Editorial 26/5/2026
Uno de los aspectos fundamentales para el funcionamiento adecuado del Estado social y democrático de derecho, lo constituye el principio consagrado de separación de poderes o de funciones estatales con el propósito de proteger derechos, garantizar justicia con dignidad y proveer servicios a los ciudadanos.
Asi como el Poder Ejecutivo administra las instituciones del gobierno central, el Poder Legislativo produce leyes para regular la convivencia social, el Poder Judicial administra institucionalmente las leyes y en base a ellas, le toca impartir justicia para todos.
Hemos visto que en los últimos tiempos, asociaciones de jueces han protestado y manifestado grandes inconformidades con las condiciones laborales que les ha tocado: sobrecarga de trabajo, salarios bajos, pensiones insuficientes y falta de personal administrativo en los juzgados.
En esa dirección, el pais necesita tener un sistema judicial fuerte, representativo e independiente para generar confianza y seguridad juridica como elementos indispensables para la lograr la estabilidad, el progreso y la prosperidad.

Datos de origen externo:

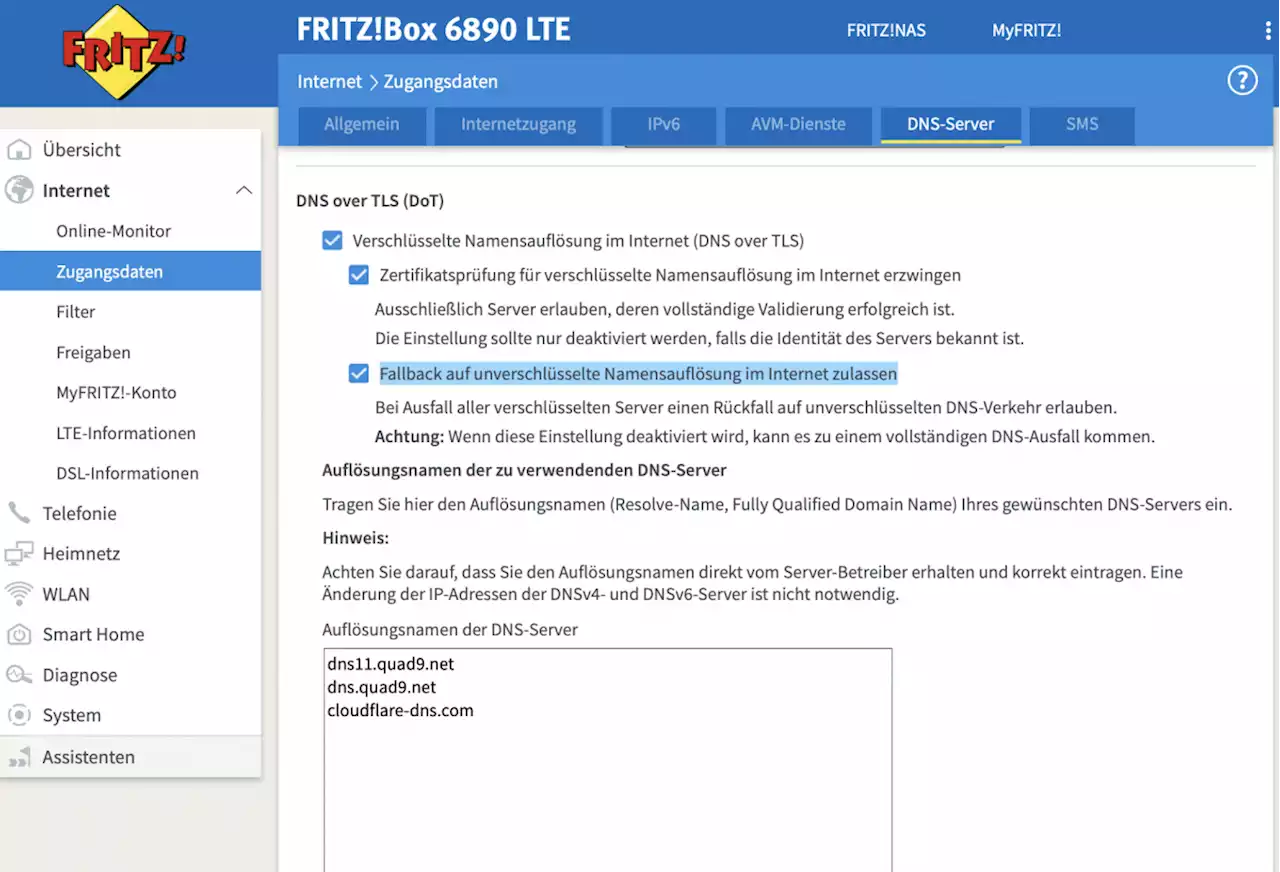 DNS-Dienst von Cloudflare klemmt, Fritzboxen reagieren mit Schluckauf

Jueces con mejores salarios y asignación de incentivos, tribunales bien equipados con los recursos humanos especializados para cubrir todas las áreas, asi como, lograr el cumplimiento cabal de la ley 194-04 que consagra la asignación del 2.66% de los ingresos públicos para la función judicial, debe ser un imperativo para evitar que se deteriore aun mas la imagen de la judicatura y que haya que estar haciendo huelgas de magistrados que paralizan o cancelan los procesos judiciales.